→ INSTRUCTIONS TO FOLLOW
After locating the line that holds "最新集作文,最新集作文，探索與發(fā)現(xiàn)的時(shí)代", transcribe it and each following line to the end of the records, changing nothing and adding nothing.
(Beginning of MATERIALS PROVIDED)
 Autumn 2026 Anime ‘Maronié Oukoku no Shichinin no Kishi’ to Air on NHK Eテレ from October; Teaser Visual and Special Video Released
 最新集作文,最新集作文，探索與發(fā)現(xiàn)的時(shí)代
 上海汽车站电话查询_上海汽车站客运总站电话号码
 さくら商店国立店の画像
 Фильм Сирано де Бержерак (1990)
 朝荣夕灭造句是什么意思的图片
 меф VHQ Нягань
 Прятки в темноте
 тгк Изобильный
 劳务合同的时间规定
(End of MATERIALS PROVIDED)
→ EXERCISE OUTPUT
 最新集作文,最新集作文，探索與發(fā)現(xiàn)的時(shí)代
 上海汽车站电话查询_上海汽车站客运总站电话号码
 さくら商店国立店の画像
 Фильм Сирано де Бержерак (1990)
 朝荣夕灭造句是什么意思的图片
 меф VHQ Нягань
 Прятки в темноте
 тгк Изобильный
 劳务合同的时间规定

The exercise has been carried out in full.